Feedback, Learning to learn, transformation tools, help seeking, evaluation,

Introduction

Papert used the term “mathetics” to refer to the process of learning how to learn in constructionist environments: I have defined mathetics as being to learning as heuristics is to problem solving. Principles of mathetics are ideas that illuminate and facilitate the process of learning (Papert, 1980, p. 120). Although Papert’s two mathetic principles – relate the new with something familiar and develop ownership over the new by constructing something with it (ibid) – have guided the design of constructionist environments, few studies in the area of constructionism have stressed this element in learning as most studies in the area focus on the learning of the subject matter (i.e. maths, science, programming etc).
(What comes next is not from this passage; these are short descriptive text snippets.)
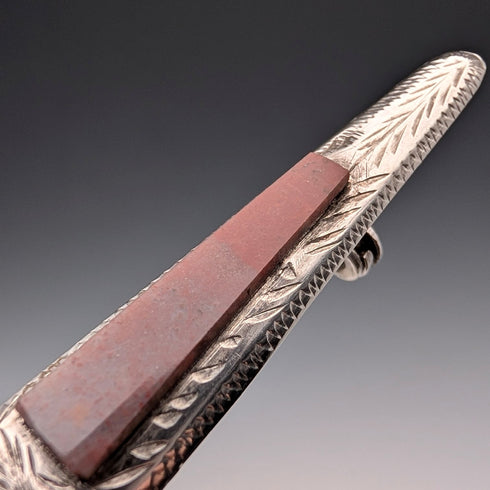 英國古董純銀胸針,鑲嵌三顆彩色寶石,採用蘇格蘭深色飾面。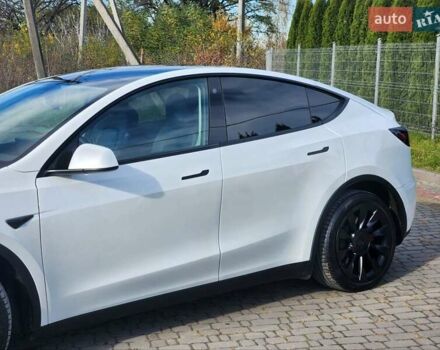 Белый Тесла Model Y, объемом двигателя 0 л и пробегом 98 тыс. км за 22500 $, фото 5 на Automoto.ua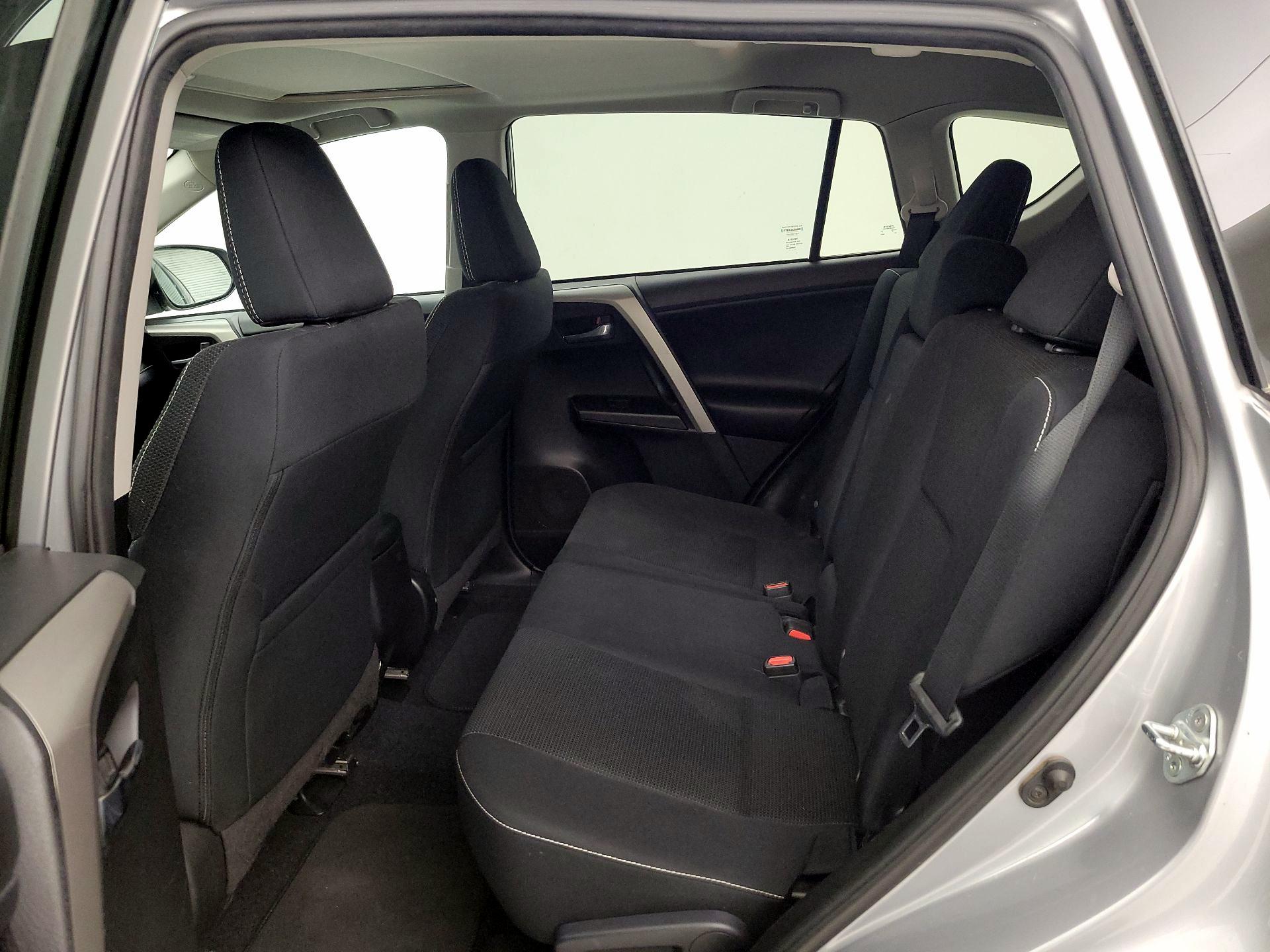 Thumbnail: 2017 Toyota RAV4 - 20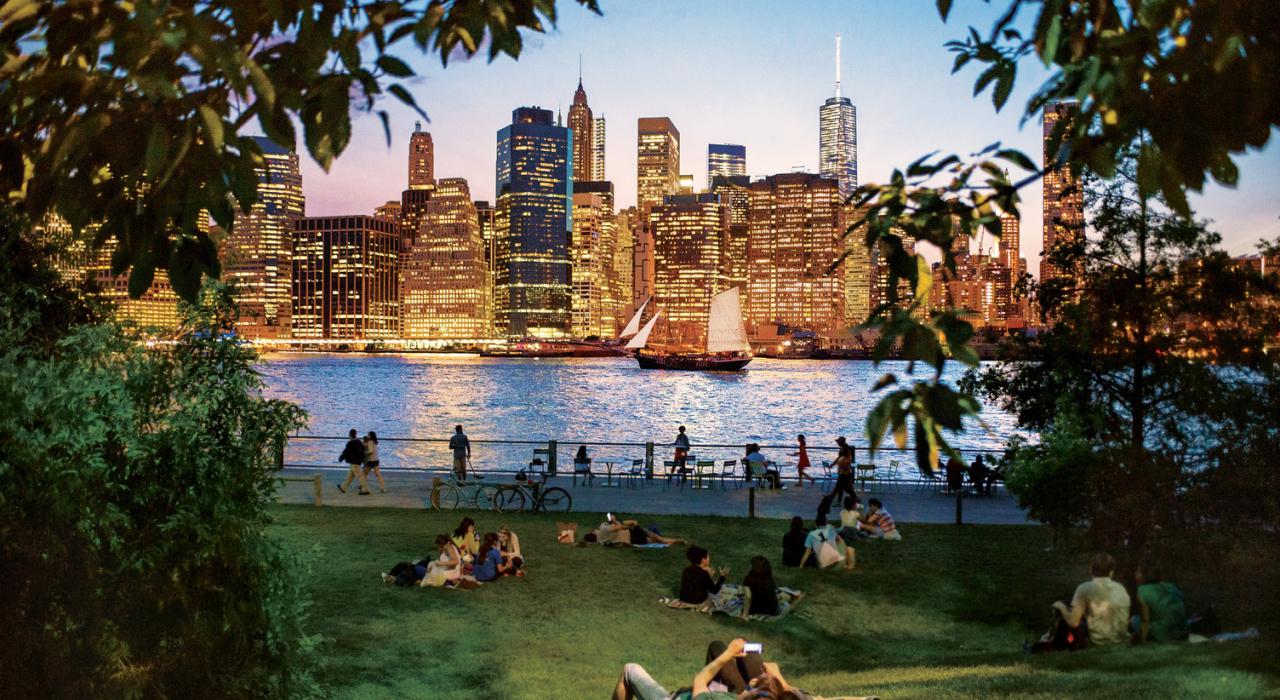 东河沿岸的布鲁克林大桥公园以及纽约市的天际线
Metacognitive awareness in constructionist environments has been described to involve problem finding skills, cognitive flexibility, continual evaluation and monitoring the solution process, controlling destructions and anxiety, becoming aware and activating problem solving strategies (Harel & Papert, 1991a).

In this paper we report research on elements of ‘learning how to learn’ process with constructionist environments. We focus especially on the evaluation process which is related to the feedback generated by the microworld. We see feedback interpretation as a complex learning process that involves not only learning of the subject matter but also reflection, monitoring and evaluation of the learning process (Schraw, 2007). Our research revisits metacognitive awareness in constructionist environments from the point of view of evaluation because, as we will show in the next section, it is an important part of the learner interaction with the microworld. The second part of our analysis discusses how students deal with situations which are evaluated by them as impasses. Impasses are crucial from a learning and meta-learning perspective. From the learning perspective, impasses can trigger the construction of new knowledge or they can prevent essential interaction with the microworld. From the meta-learning perspective, impasses entail handling frustration, seeking new resources, reflecting on previous actions, evaluation and integration of the suggested solutions. In the following sections we describe how evaluation is related to microworld characteristics and we discuss help seeking as a context for handling impasses.
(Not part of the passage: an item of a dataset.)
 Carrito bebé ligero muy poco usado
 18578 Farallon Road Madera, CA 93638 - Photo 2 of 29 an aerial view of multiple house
Microworlds as transformation tools: transforming user actions into microworld behaviour

In order to describe the characteristics of microworld feedback we will borrow from Verillon & Rabardel, (1995) the concept of transformation because it is related not only to tool use but also to learning. Specifically, with respect to tool use, transformation has a dual role a) individuals use the tools to transform the environment (ibid) and b) individuals make sense of the tools through the interpretation of the causal relationship between the user actions and the transformations of the environment. When it comes to learning, tool-use is associated with transformations of the task/object of the user/learner (i.e. instrumentation Verillon & Rabardel, (1995)) and of the relationship of the learner to the knowledge integrated/represented in the tool (Mariotti, 2002).
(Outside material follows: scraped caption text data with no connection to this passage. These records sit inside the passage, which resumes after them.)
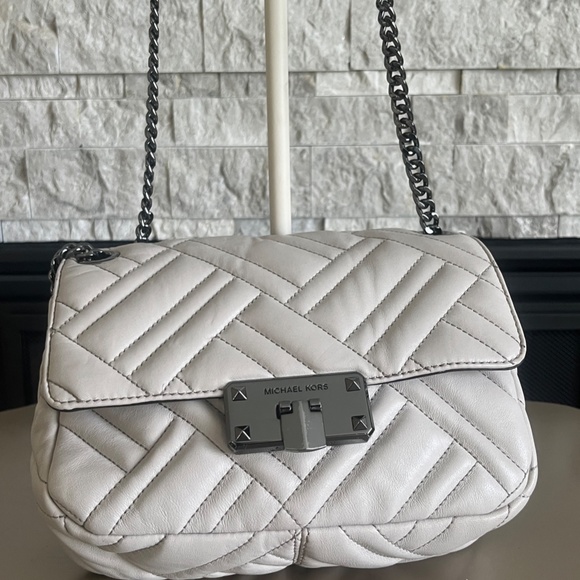 Michael Kors Model: Peyton Quilted Cement Color Crossbody with Gunmetal Chain - Picture 15 of 15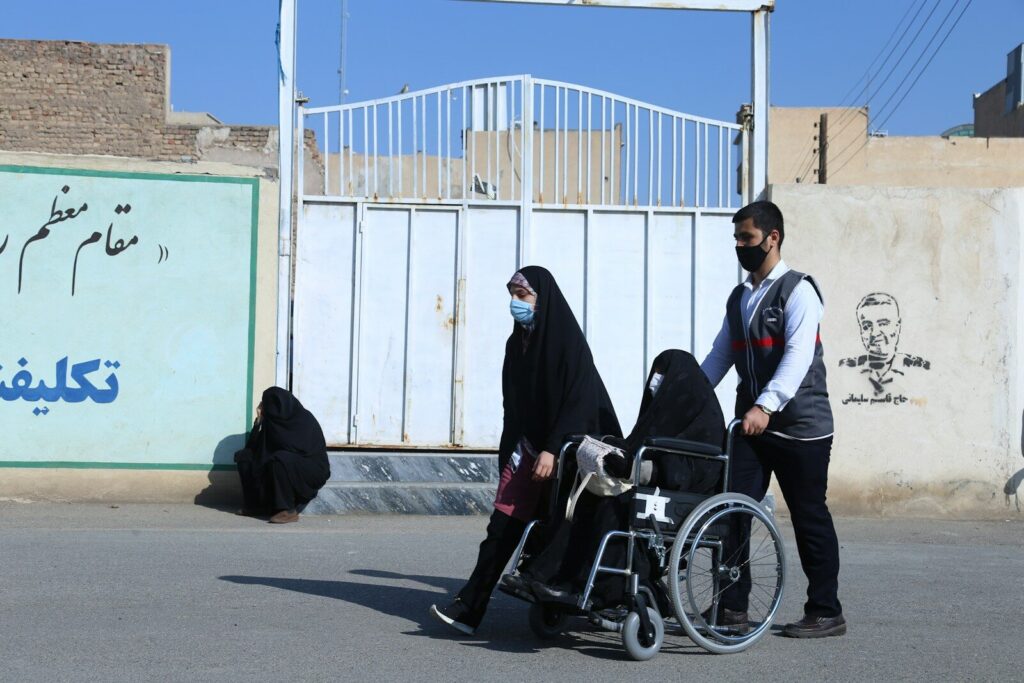 صورة لمواطنيين إيرانيين يعانون من نقص المصالح و الخدمات الاساسية/المصدر/Pexels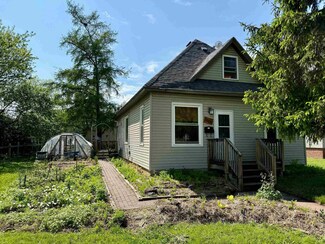 2605 Hughitt Ave, Superior, WI 54880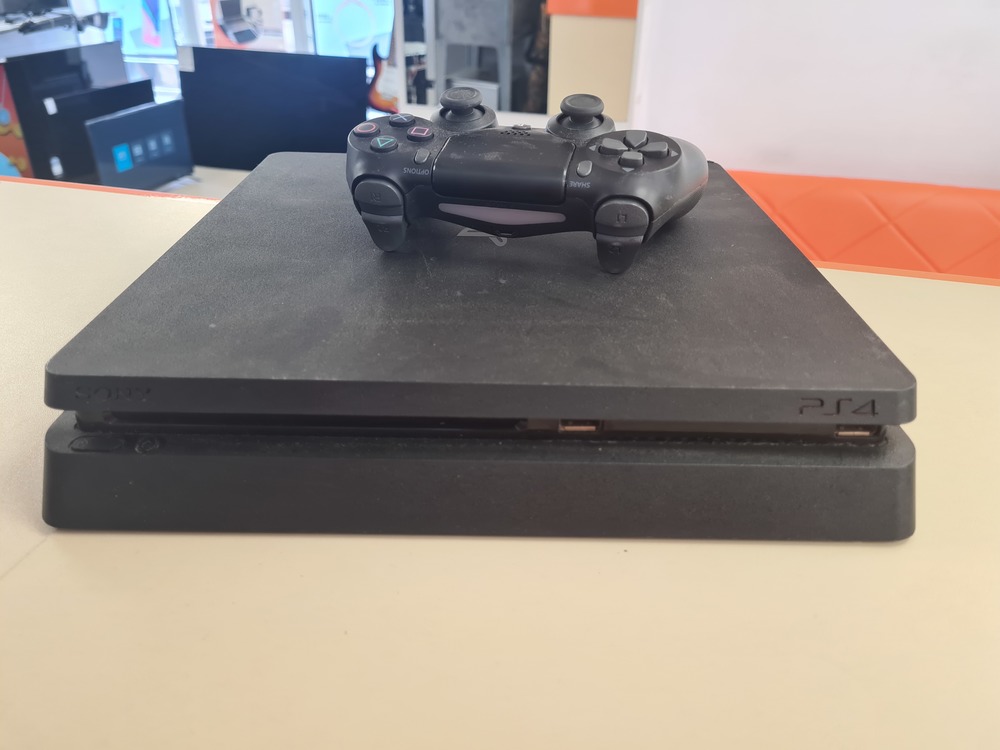 Игровая приставка PlayStation 4 Slim 500GB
Microworlds come with a transformation mechanism which changes user actions into a representation familiar to the learner (1st mathetic principle: associate the new with something familiar Papert 1980) compatible to the concept negotiated and usually completely different from the actual action performed. To further illustrate this we will use the familiar example of drawing a house with a roof in Logo. To draw a house the student has to type Logo commands in the editor. This action is projected on the microworld (i.e. the typed commands appear in the editor) but this is not where the story ends because this action is transformed within the microworld into a behaviour completely different from the initial action. Command typing leads to a sketch of the house appearing on the screen. Thus, in microworlds learner actions are processed in two ways: one is what we called “projection of user action” where learner’s actions on the tool is rather analogous to what it appears on the tool (i.e. pressing the letters “fd” in the Logo editor results in having the letters “fd” appearing in the logo editor). The other is the transformation of action into microworld behaviour (i.e. any change in the state of the microworld that is caused by user actions.) according to “rules and laws” built in the specific microworld. Learning is intertwined with unlocking this transformation mechanism in order to find the causal–effect relationship between user actions and microworld behaviour. This idea draws upon the causality effect which is described as meaning making mechanism for tool use by Verillon & Rabardel, (1995). One way of depicting the process of learner interaction with the microworld is shown in fig. 1.

 

 

 

 

 

 

 

 

 


Figure 1. The loop of learner interaction with the microworld

According to the picture above, learner interaction with the microworld in traditional settings is structured around the following pattern:

§  The learner performs an action in the microworld (point 2 in fig 1) which is based on a specific goal that they have either directly (e.g. provided by a given task) or indirectly (e.g. set during the problem solving process (point 1 in fig 1). Examples of goals and user action could be the following: adding a command in order to construct a house, changing the values of a variable or dragging a slider in order to change the value of a parameter and investigate its effect, etc

§  This action is projected on the tool (point 3 in fig 1 e.g. the typed commands appear on the screen). In contrast to several tools (e.g. presentation tools or word or image processing) the loop of user interaction with the microworld does not end with the projection of the user action in the tool (e.g. the text typed). Evaluation, reflection and new task analysis is a prerequisite for subsequent interaction with the microworld.

§  The transformation mechanism changes the user action into microworld behaviour: e.g. drawing a house with a roof that doesn’t covers the house. The specific graphical output (or an explicit message from the microworld) is a behaviour generated by the microworld (point 4 in fig 1) as a response to the student’s action (typing the commands that create the house) and thus provides feedback either directly or indirectly.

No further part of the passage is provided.